Retraite Agirc-Arrco : L’état abandonne son projet de transfert aux Urssaf

Retraite Agirc-Arrco : L’état abandonne son projet de transfert aux Urssaf
16 Janv. 2023

Dans l’optique d’une unification du recouvrement des cotisations sociales auprès du réseau des Urssaf, le gouvernement avait toujours soutenu le projet de transfert des cotisations de la retraite complémentaire Agirc-Arrco à l'Urssaf. Ledit projet a été maintes fois contesté mais n’a jamais été écarté avant la présentation de la réforme des retraites : moment où son abandon a finalement été annoncé. 

En se référant aux dires du ministre du Travail Olivier Dussopt, c’est une non poursuite du chantier d’unification du recouvrement des cotisations Agirc-Arrco qui a été décidée. Il a eu l’occasion de faire part de la nouvelle ce mardi 10 janvier lors de la présentation du projet de réforme des retraites.  D’après l’entourage du ministre, confirmée le lendemain par celui d’Elisabeth Borne, la raison évoquée était l’irritation des partenaires sociaux. « Supprimer un sujet irritant pour les partenaires sociaux », voilà donc les termes de Matignon pour souligner le caractère non technique, ni politique du motif d’abandon du transfert.

Quoi qu’il en soit, il faut noter que le projet en question a suscité l’inquiétude des syndicats malgré son aspect technique.
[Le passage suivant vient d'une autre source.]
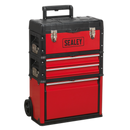 Sealey AP548 3 Compartment Mobile Steel/Composite Toolbox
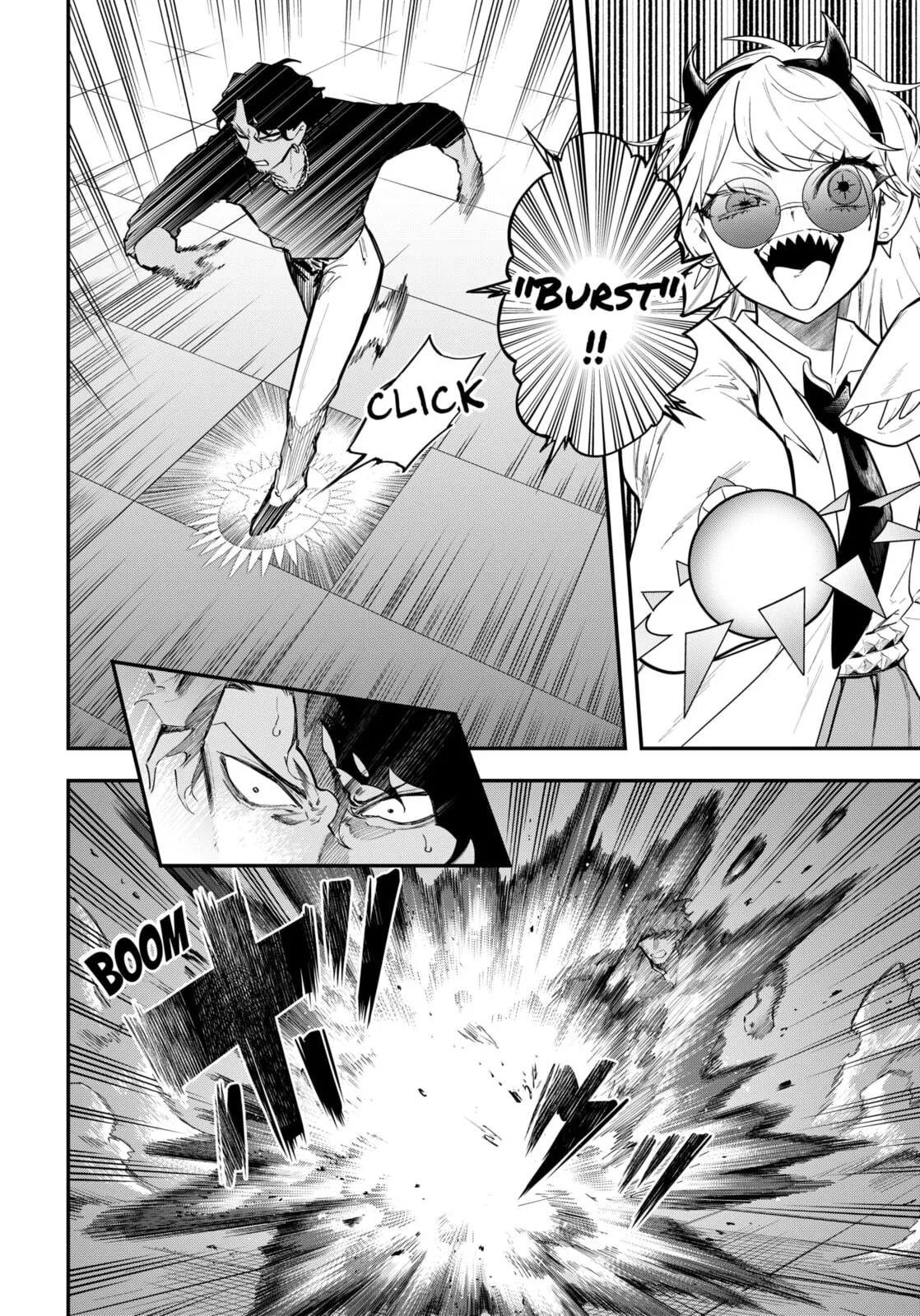 Magical Girl and Narco Wars, chapter 19, page 4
De même, une contestation de la part des oppositions politiques a également été bien visible.
 

Mention de l’abandon dans le projet de loi

Pour information, même la représentante de la CFDT et vice-présidente du conseil d’administration Agirc-Arrco a fourni de la matière permettant de justifier la réalité des polémiques engendrées par le projet de transfert lorsqu’elle disait : « Le sujet, c’est de capter 80 milliards d’euros de ressources annuelles [le montant des cotisations salariales collectées, NDLR], puis éventuellement les 60 milliards d’euros de réserve de l’Agirc-Acco. ». C’est par ailleurs à deux reprises que le projet en question a été repoussé alors que son entrée en vigueur était prévue pour janvier 2022, puis reporté en 2023 et même repoussé en 2024.

Finalement, l’abandon du transfert tel qu’il figurera dans le budget rectificatif de la Sécurité sociale aura pour effet de clore définitivement le sujet.